IMO, this is a simple consequence of technology moving faster than society. There are still instructors out there who learned to program in an environment where the go-to options for imperative programming were C and FORTRAN; the go-to options for other paradigms (if you'd even heard of other paradigms) were things like Lisp, Haskell and Smalltalk; and CPU speeds were measured in MHz on machines that you had to share with other people. Of course you're going to get more experience with imperative programming; and familiarity breeds comprehension.
But really, I believe strongly that the functional style - properly factored - is far more intuitive. The mechanics of initializing some output collection to a default state (and, perhaps, the realization that zero isn't a special case), keeping track of a position in an input collection, and repeatedly appending to an output, are just not that interesting. Sure, coming up with those steps could be a useful problem-solving exercise for brand-new programmers. But there are countless other options - and IMX, problem-solving is fiendishly hard to teach anyway. What ends up happening all the time is that you think you've taught a skill, but really the student has memorized a pattern and will slavishly attempt to apply it as much as possible going forward.
> Futhermore, in JS, the functionnal style is less performant (nearly twice on my machine, i assume because it do less useless memory allocations)
Sure. Meanwhile in Python:
$ python -m timeit "x = []" "for i in 'example sequence':" " x.append(i)"
500000 loops, best of 5: 796 nsec per loop
$ python -m timeit "x = [i for i in 'example sequence']"
500000 loops, best of 5: 529 nsec per loop
... But, of course:
$ python -m timeit "x = list('example sequence')"
2000000 loops, best of 5: 198 nsec per loop
Functional programming is more intuitive for many pure data transformation tasks.
It's not more intuitive for the entire system.
When you make a new file in a file system, you're already violating functional programming, even if you atomically create that file with all the content specified, and make it immutable.
You must construct a new file system which is like the old one, but with that file, and then have the entire system tail call into a world where you pass that new file system as a parameter, so that the old one is not known (garbage).
Unix has been the most successful system in getting partial functional programming into ordinary people's hands.

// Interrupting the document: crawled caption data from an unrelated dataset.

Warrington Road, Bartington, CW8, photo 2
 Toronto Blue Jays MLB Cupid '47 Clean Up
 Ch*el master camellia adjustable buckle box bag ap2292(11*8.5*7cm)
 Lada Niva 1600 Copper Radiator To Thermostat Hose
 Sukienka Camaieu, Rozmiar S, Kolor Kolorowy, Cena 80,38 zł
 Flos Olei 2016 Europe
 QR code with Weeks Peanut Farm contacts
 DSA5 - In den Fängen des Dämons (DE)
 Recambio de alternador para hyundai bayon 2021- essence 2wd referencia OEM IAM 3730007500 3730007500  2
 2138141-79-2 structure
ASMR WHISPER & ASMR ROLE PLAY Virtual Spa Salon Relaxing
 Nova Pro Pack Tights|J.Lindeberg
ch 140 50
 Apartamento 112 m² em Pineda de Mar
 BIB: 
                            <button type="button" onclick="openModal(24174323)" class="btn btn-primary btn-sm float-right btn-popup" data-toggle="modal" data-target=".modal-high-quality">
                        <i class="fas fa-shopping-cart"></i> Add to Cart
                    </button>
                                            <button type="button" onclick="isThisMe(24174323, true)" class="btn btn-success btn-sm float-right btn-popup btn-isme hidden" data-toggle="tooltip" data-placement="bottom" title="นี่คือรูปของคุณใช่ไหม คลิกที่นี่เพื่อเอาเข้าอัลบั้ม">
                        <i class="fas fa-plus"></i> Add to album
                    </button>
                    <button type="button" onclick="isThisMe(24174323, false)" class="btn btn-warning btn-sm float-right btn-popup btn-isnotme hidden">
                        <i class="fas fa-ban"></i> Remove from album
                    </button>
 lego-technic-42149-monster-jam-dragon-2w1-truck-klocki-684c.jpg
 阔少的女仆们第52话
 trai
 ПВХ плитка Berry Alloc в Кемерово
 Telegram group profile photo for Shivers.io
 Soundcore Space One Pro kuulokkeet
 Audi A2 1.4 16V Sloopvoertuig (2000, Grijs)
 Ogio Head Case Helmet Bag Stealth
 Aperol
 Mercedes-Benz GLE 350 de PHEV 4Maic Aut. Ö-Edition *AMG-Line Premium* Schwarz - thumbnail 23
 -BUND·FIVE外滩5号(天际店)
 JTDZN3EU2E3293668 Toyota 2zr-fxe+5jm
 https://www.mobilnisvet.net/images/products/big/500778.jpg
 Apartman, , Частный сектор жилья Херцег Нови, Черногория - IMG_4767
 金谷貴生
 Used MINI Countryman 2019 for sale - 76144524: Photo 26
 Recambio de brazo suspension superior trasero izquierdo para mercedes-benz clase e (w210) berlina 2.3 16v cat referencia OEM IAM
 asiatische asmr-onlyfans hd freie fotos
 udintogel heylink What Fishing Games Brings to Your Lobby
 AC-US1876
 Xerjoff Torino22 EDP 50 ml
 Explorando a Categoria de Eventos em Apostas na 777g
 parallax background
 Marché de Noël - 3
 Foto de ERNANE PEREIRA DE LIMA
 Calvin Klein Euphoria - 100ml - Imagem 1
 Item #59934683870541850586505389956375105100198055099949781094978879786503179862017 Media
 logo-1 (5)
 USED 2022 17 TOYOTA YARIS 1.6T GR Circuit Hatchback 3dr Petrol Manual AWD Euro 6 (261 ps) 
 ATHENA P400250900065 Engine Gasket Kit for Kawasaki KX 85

A Unix pipeline like < source-file | command | command | ... | command > dest-file is functional except for the part where dest-file is clobbered. Or at least can be functional. The commands can have arguments that are imperative programs (e.g. awk) but the effects are contained.
In the famous duel between Doug McIlroy and Knuth in solving a problem, in which McIlroy wrote a concise Unix script combining a few tools, McIlroy's solution can be identified as functional:
One problem I have with functional programming is that I find it hard to debug.
With imperative programming you can follow a program step by step, line by line, it can be done with a debugger, pen and paper, or in your head.
With functional programming, not so much. It runs functions. What do these functions do? Don't know, they are pieced up from someplace else in the code. And thanks to lazy evaluation, they may not even exist. In the design phase, it is mostly a good thing, as it is flexible, and pure functions are less likely to make a mess than functions with side effects, but there will be a point where the program will not behave as it should, no matter your paradigm. And that's when it becomes a problem.
It is also a problem with object programming if you abuse abstraction, in fact, it is a general problem with abstraction, but functional programming makes it the default, whereas imperative programming is concrete by default.
As for the Python example, I am a bit surprised that the optimizer didn't catch it, all three are common and equivalent constructs that could have been replaced by the most performant implementation, presumably the third one. But well, optimizers are complicated.
I disagree. People are sometimes just forced to think imperatively when dealing with computers, but I usually think declarative when I design my programs.
Say if I want to filter a sequence of users and omit users below the age of 18, I'll construct my predicate (a "what"), and want to apply that predicate to create a new sequence of user (another "what").
I really don't want to tell a computer how to process a list every single time. I don't care about creating an index first and checking the length of my list in order to keep track that I process each user in my list sequentially, and don't forget that important "i++". All I want at that moment is to think in streams, and this stream processing can happen in parallel just as well for all I care.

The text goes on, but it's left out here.